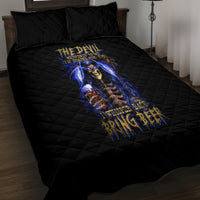 Skull Reaper Quilt Bed Set The Devil Whispered To Me I Whisper Back Bring Beer - Wonder Print Shop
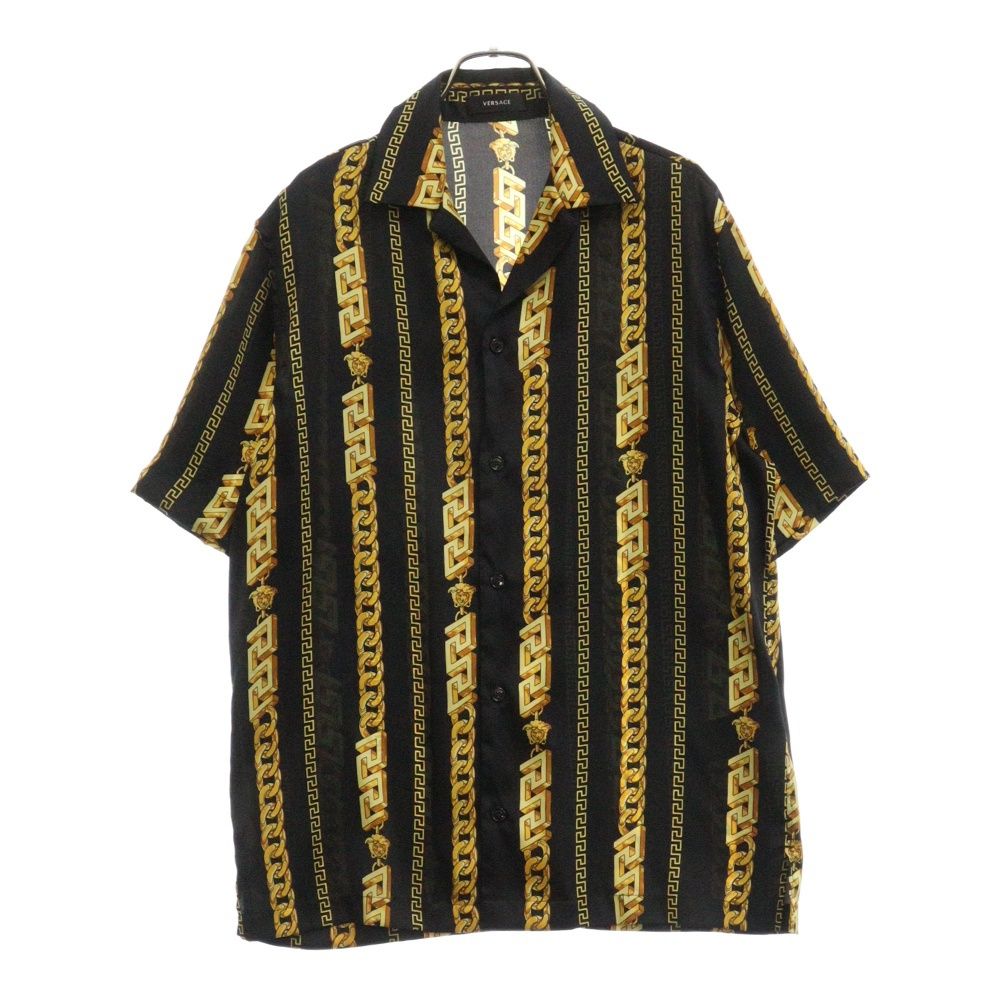 VERSACE (ヴェルサーチ) チェーンプリント 半袖シャツ ブラック - メルカリ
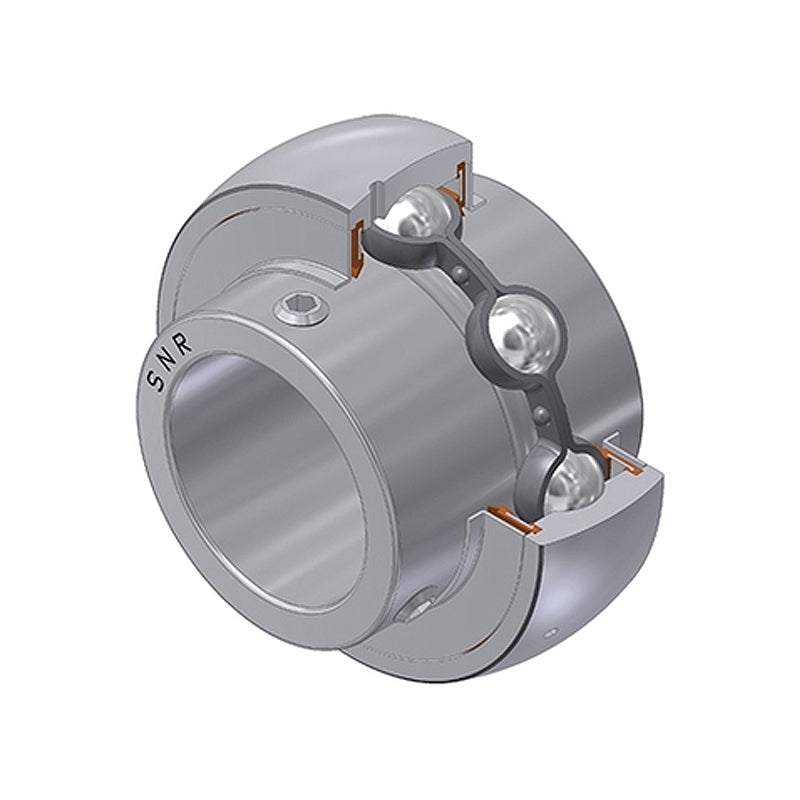 SNR MUC206FD Metric Stainless Full Width Spherical Outer Food Safe Bearing Insert 30mm Bore 62mm Outside Diameter with Grub Screws - Allow 2-3 Days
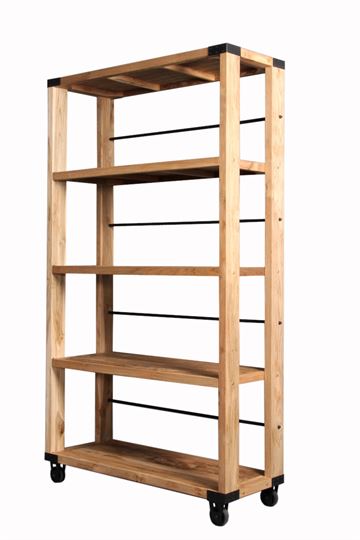 Reol i massivt genbrugs teak L115xH206xD45cm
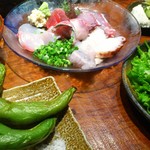 Hei Shuuhei - おまかせの刺身盛り合わせ、周ちゃんサラダ、そら豆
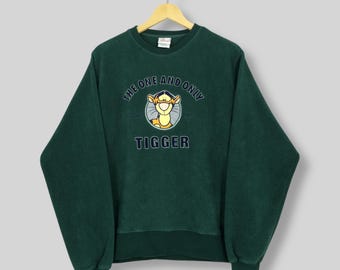 Vintage Winnie The Pooh 'Tigger' Sweatshirt Medium Tigger Disney Character Embroidered Crewneck Pooh Disneyland Tigger Fleece Sweater Size M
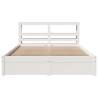 White Bed Frame with Headboard 135x190 cm - No Mattress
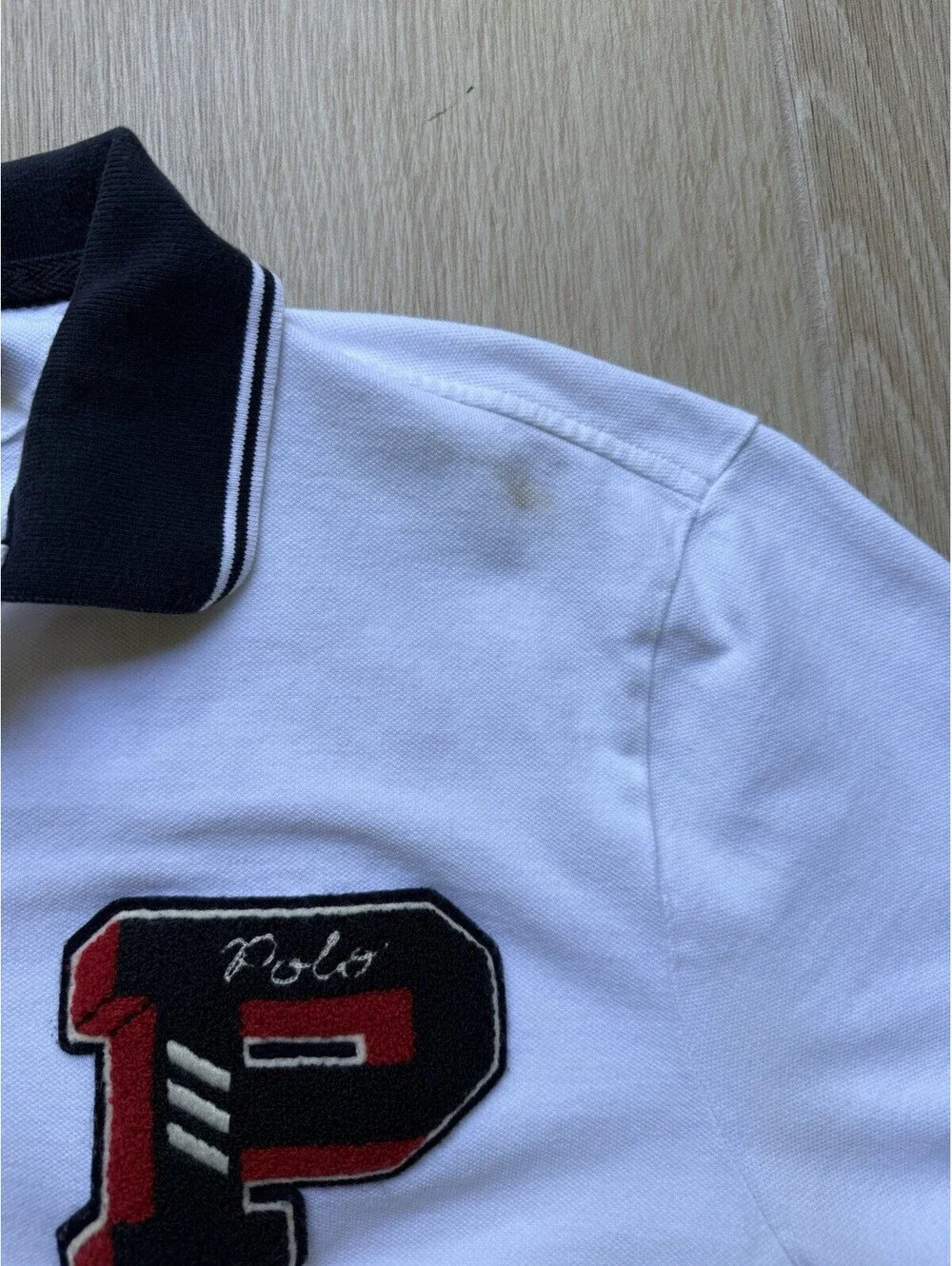 Polo Ralph Lauren New York White Polo Shirt Custom Slim Fit Size XL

= = = = = = =

PROBLEM DESCRIPTION: Starting with the first line of the data above, write out each line exactly up to and including the line that holds "Hei Shuuhei - おまかせの刺身盛り合わせ、周ちゃんサラダ、そら豆". Pictures stay out.

EXERCISE SOLUTION:
 Skull Reaper Quilt Bed Set The Devil Whispered To Me I Whisper Back Bring Beer - Wonder Print Shop
 VERSACE (ヴェルサーチ) チェーンプリント 半袖シャツ ブラック - メルカリ
 SNR MUC206FD Metric Stainless Full Width Spherical Outer Food Safe Bearing Insert 30mm Bore 62mm Outside Diameter with Grub Screws - Allow 2-3 Days
 Reol i massivt genbrugs teak L115xH206xD45cm
 Hei Shuuhei - おまかせの刺身盛り合わせ、周ちゃんサラダ、そら豆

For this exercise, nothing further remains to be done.